Breast cancer beat-down in Melbourne lab
Melbourne researchers may have found a new treatment for breast cancer after positive results emerged from a leukaemia drug trial.
The team from the Walter and Eliza Hall Institute found that compounds called BH3-mimetics are effective in treating certain breast cancers when combined with the drug tamoxifen. Approximately 70 per cent of breast cancers fall in to the appropriate classification. The team says it hopes the results will lead to clinical trials of BH3-mimetics for treating breast cancers in the next few years.
Melbourne-based Professor Geoff Lindemann said he and his colleagues, “looked at the effect of adding BH3-mimetics to the standard hormone treatment, tamoxifen, used for a subtype of ER-positive cancers called luminal B cancers, which had high levels of BCL-2,”
Professor Lindeman said they “found that a BH3-mimetic called ABT-199/GDC-0199 improved the effectiveness of hormone therapy by stopping or delaying the growth of these aggressive tumours.
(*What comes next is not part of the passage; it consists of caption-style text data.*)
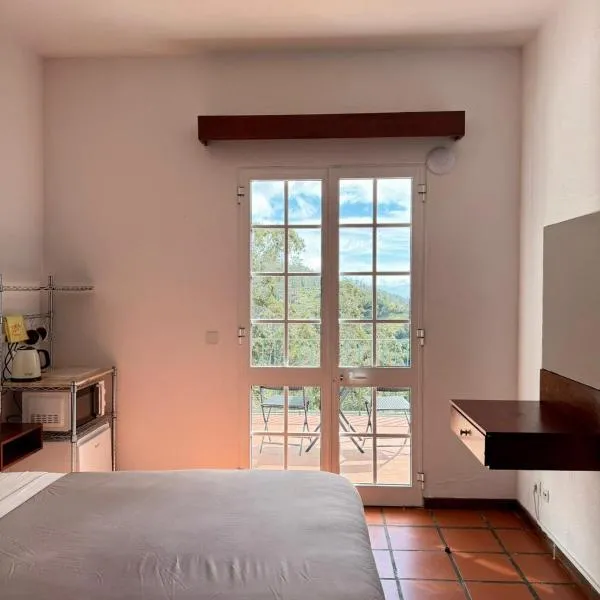 Habitación con terraza privada y vista a Funchal, hotell i Estrela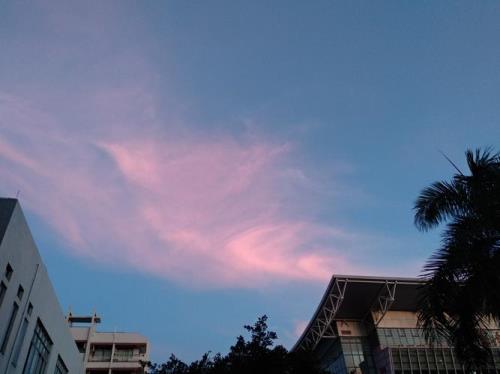 天空照滤镜调色教程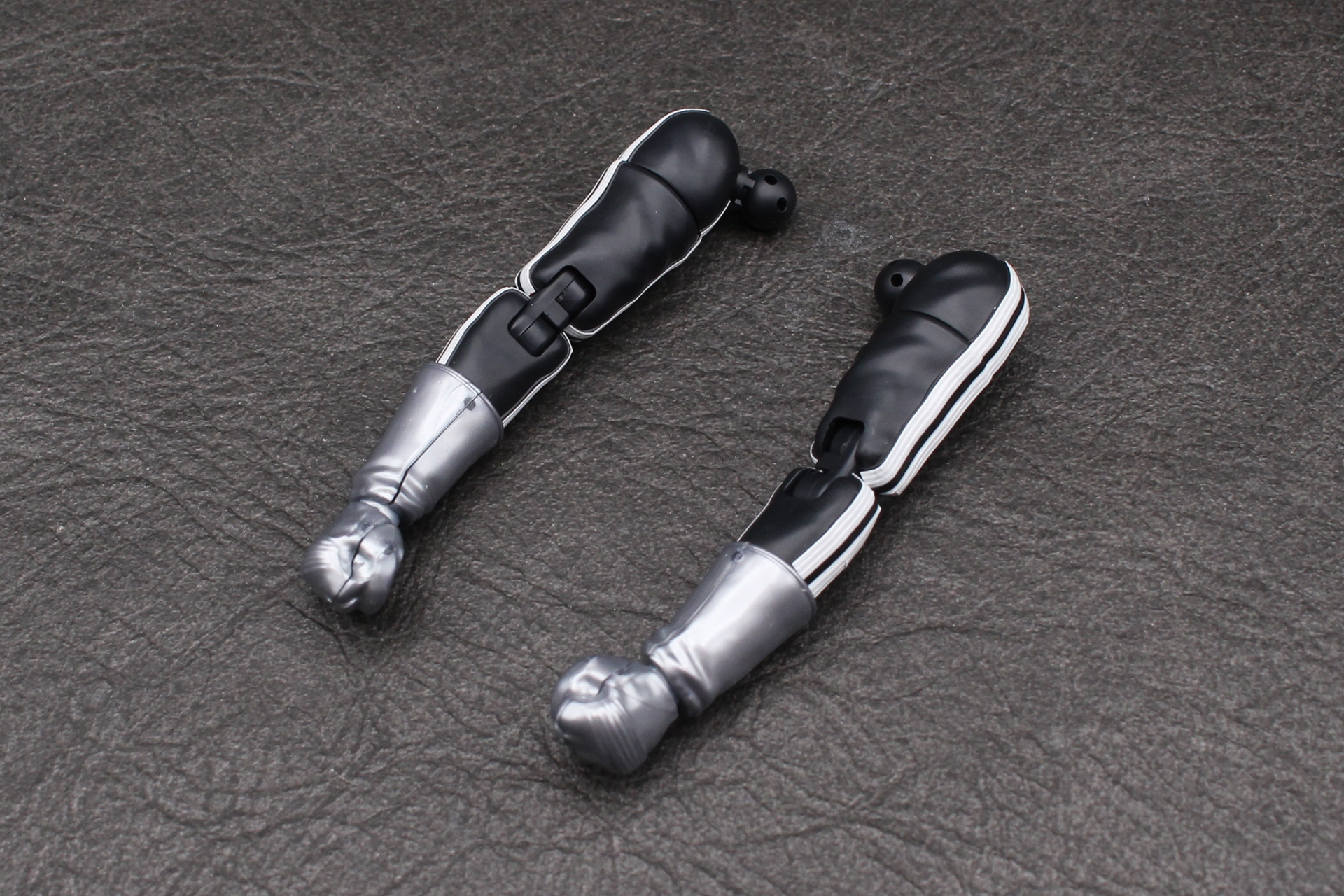 同様に左腕も組み立てる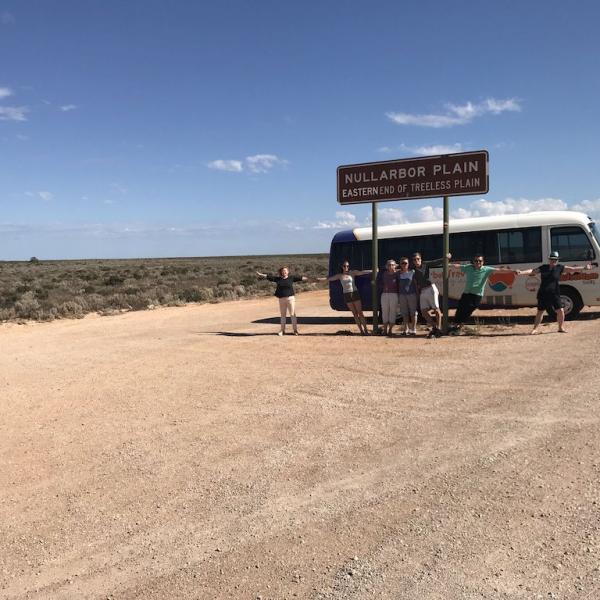 Nullarbor Plain Schild Südaustralien Westaustralien Gruppenreisen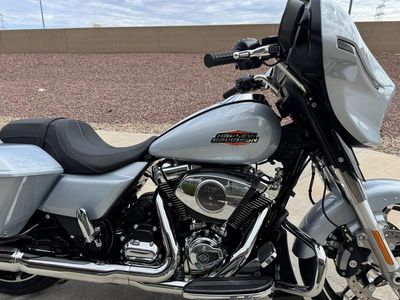 2025 Harley-Davidson FLHX - Street Glide - Photo 11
In one of the tumour models, the combined treatment caused complete disappearance of the tumour, while standard treatment had only a partial and unsustained benefit.”
The luminal B breast cancers are a particularly aggressive form which usually leads to a relatively poor prognosis. Researchers used preclinical models of breast tumour samples donated by Melbourne women undergoing cancer surgery, to understand how real human cancers might respond.
The results of the new research have been published in the current edition of the Cancer Cell journal.